### SUPPLIED INFORMATION
**********

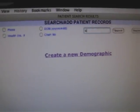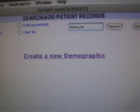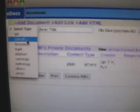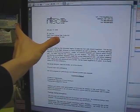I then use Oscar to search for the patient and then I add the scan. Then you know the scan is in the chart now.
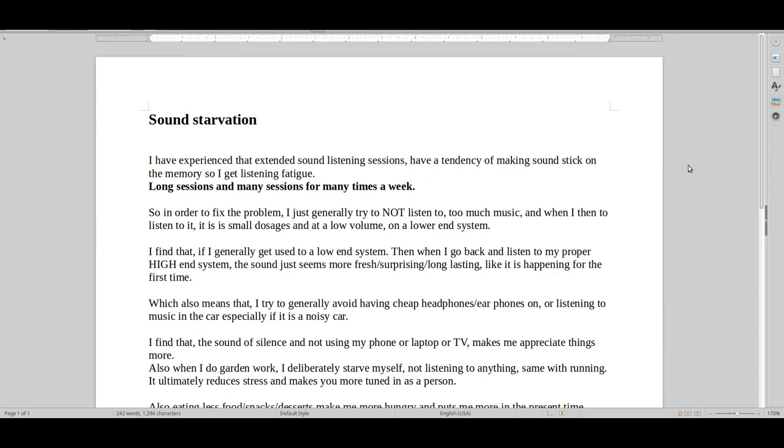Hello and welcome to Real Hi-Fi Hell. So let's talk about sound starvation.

**********

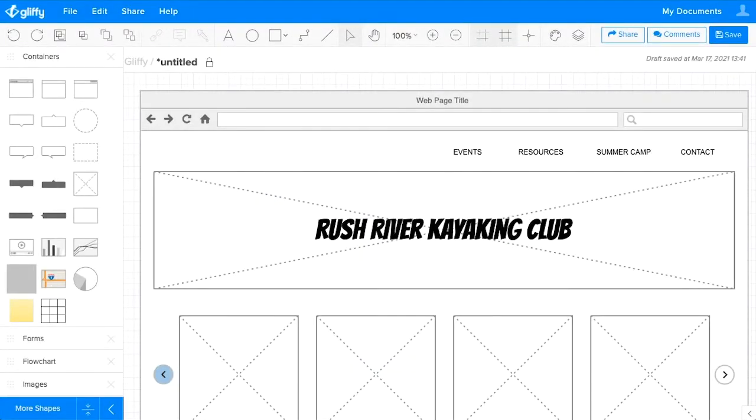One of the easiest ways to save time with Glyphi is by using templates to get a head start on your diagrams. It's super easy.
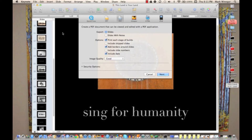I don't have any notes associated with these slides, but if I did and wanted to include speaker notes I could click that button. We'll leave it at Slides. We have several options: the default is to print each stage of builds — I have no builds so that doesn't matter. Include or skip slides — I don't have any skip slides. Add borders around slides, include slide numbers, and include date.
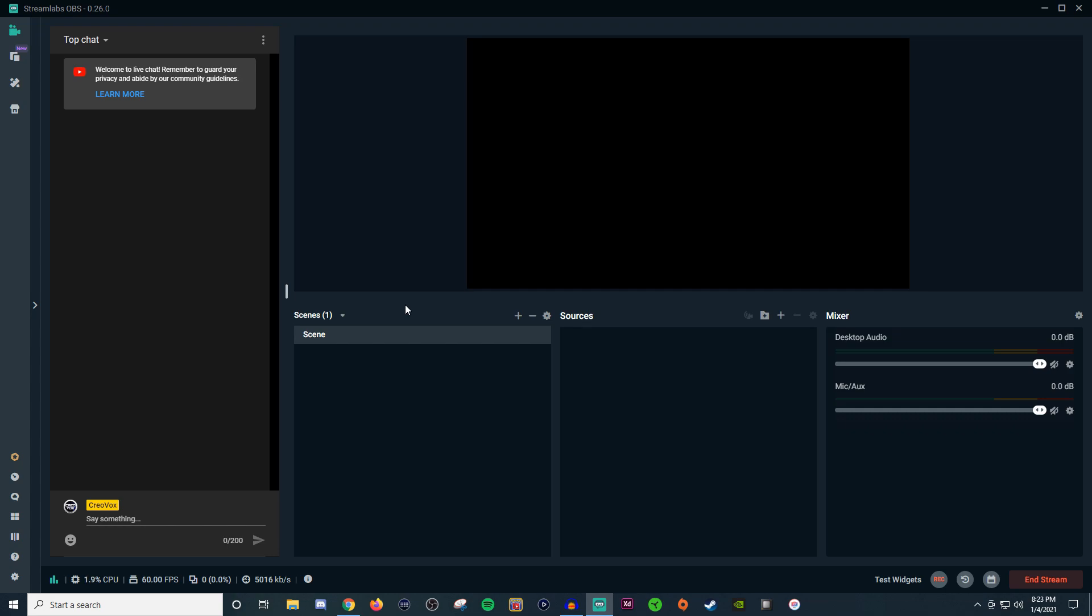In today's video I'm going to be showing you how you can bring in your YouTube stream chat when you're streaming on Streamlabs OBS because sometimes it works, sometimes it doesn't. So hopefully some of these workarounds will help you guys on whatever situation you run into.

**********

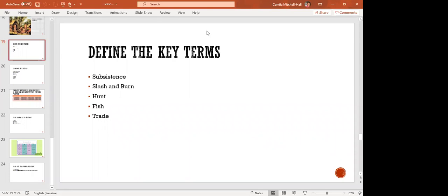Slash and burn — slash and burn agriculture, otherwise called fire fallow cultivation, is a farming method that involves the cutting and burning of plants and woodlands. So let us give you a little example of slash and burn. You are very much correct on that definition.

**********

### PROBLEM REQUIREMENTS
What is needed is an exact copy of only the lines above from the one with "I then use Oscar" to the one with "Hello and welcome", both kept, with every picture left out.

### OUTPUT FOR THIS EXERCISE
I then use Oscar to search for the patient and then I add the scan. Then you know the scan is in the chart now.
Hello and welcome to Real Hi-Fi Hell. So let's talk about sound starvation.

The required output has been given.